Future Tense

Good Old HTTP Is Getting a Makeover

We see it (and use it) every day.

Photo by JMiks/Shutterstock

Most addresses you put into your browser’s address bar start with “http.” We basically take that random string of letters for granted. But the grouping is actually an acronym for Hypertext Transfer Protocol, and it represents the series of operations that lets your browser connect to and communicate with Web servers. It’s the protocol that underlies the Internet as we know it. And it was in desperate need of an update.

HTTP was pioneered by Tim Berners-Lee and other early Interneters in the late 1980s, and it was revised a few times throughout the 1990s, resulting in HTTP/1.1, which came out in 1999. And then after that … nothing. Which is weird because the Internet has changed a lot since 1999. Webpages are a lot larger now and security is a bigger priority.
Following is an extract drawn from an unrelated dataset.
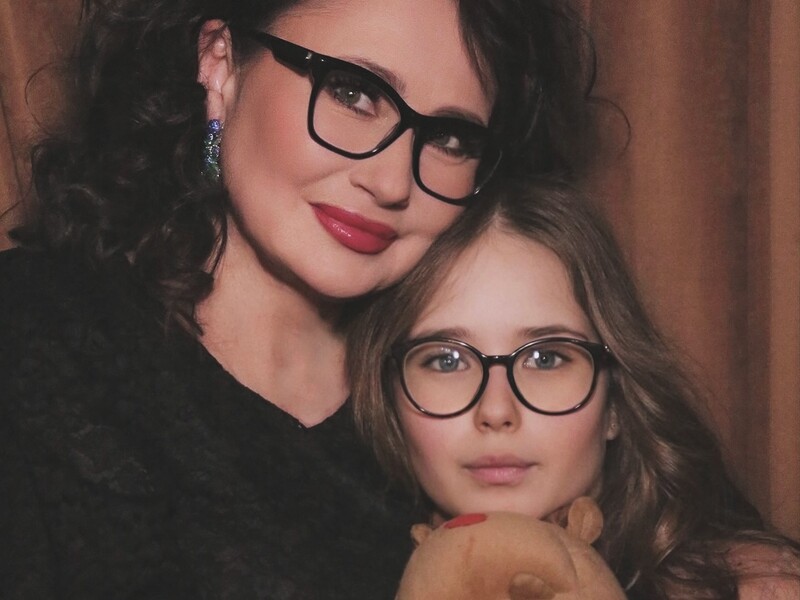 Мозгова показала, у якому одязі та з якою зачіскою її донька відсвяткувала 10 років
Finally, the Internet Engineering Task Force’s Steering Group announced Wednesday that it is ready to release an update called HTTP/2. The new version is designed to deal with the hulking sites that are now standard on the Web. When a browser sends a request to a server, the server will respond with more content and the connection will last longer. All of this will also help pages to load faster.

The new protocol isn’t a replacement for HTTPS, which requires an additional secure protocol like Transport Layer Security (TLS). The HTTP/2 working group writes in an FAQ that it considered baking encryption into the update. But, “after extensive discussion, the Working Group did not have consensus to require the use of encryption (e.g., TLS) for the new protocol.” The new version may make it easier to implement encryption and will do more to check the integrity of TLS connections, though.

And it’s not going to break everything, either. For obvious reasons, one of the most important priorities was to ensure compatibility between HTTP/1.1 and HTTP/2, and the updated version has already been in testing on Chrome and Firefox.

HTTP/2 should provide a better browsing experience (especially on mobile) without you having to do or know anything. A rare reward for laziness.